Fatty Acid Oxidation Defects and Insulin Sensitivity

Not Applicable

Completed

Conditions: Very Long-chain Acyl-CoA Dehydrogenase Deficiency
Trifunctional Protein Deficiency
Long-chain 3-hydroxyacyl-CoA Dehydrogenase Deficiency
Medium-chain Acyl-CoA Dehydrogenase Deficiency
Normal Volunteers
Carnitine Palmitoyltransferase II Deficiency, Myopathic

Interventions: Drug: Glycerol/Saline
Drug: Intralipid/Heparin
Drug: Hyperinsulinemic euglycemic clamp

Brief Summary: The purpose of this study is to learn more about what causes insulin resistance. It has been suggested that proper breakdown of fat into energy (oxidation) in the body is important to allow insulin to keep blood sugar in the normal range. The investigators want to know if having one of the fatty acid oxidation disorders could have an influence on insulin action. Fatty acid oxidation disorders are genetic disorders that inhibit one of the enzymes that converts fat into energy. The investigators will study both normal healthy people and people with a long-chain fatty acid oxidation disorder.

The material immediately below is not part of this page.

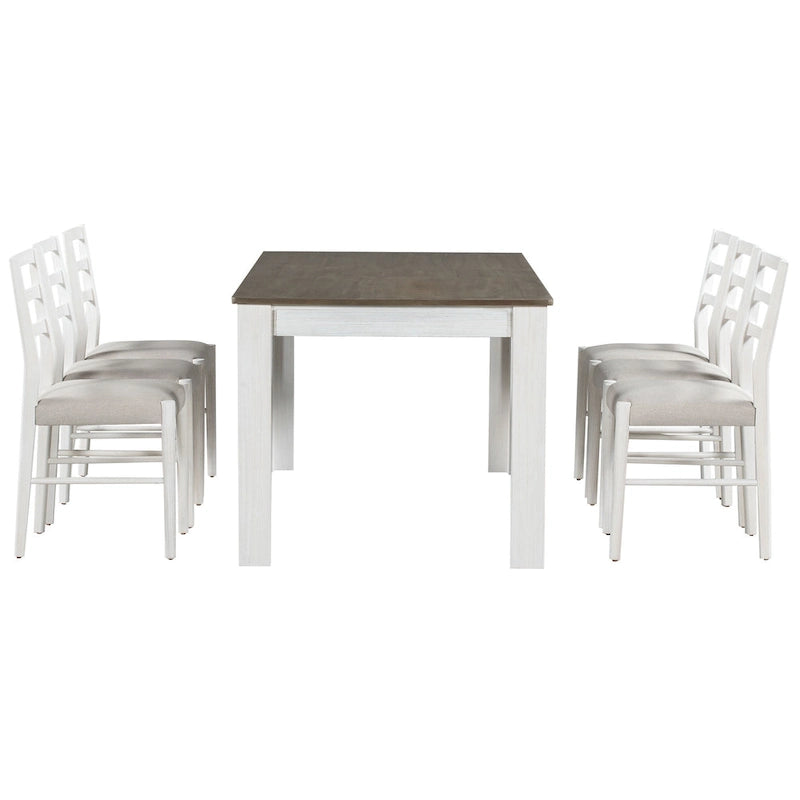 Ensemble de table à manger en bois Nestfair 7 pièces avec 6 chaises et 2 tiroirs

Detailed Description: The overall goal of this proposal is to investigate the effects of disordered mitochondrial fatty acid oxidation on insulin resistance in humans. Mitochondrial dysfunction has been implicated in the development of insulin resistance and type 2 diabetes during excess dietary fat intake and from increased release of endogenous free fatty acids , such as occurs in obesity. Controversy exists, however, as to whether this insulin resistance results from intrinsic defects in mitochondrial energy utilization or from abnormalities resulting from excess free fatty acid flux, as well as the role that subsequent accumulation of cellular metabolic intermediates play in impaired insulin signaling.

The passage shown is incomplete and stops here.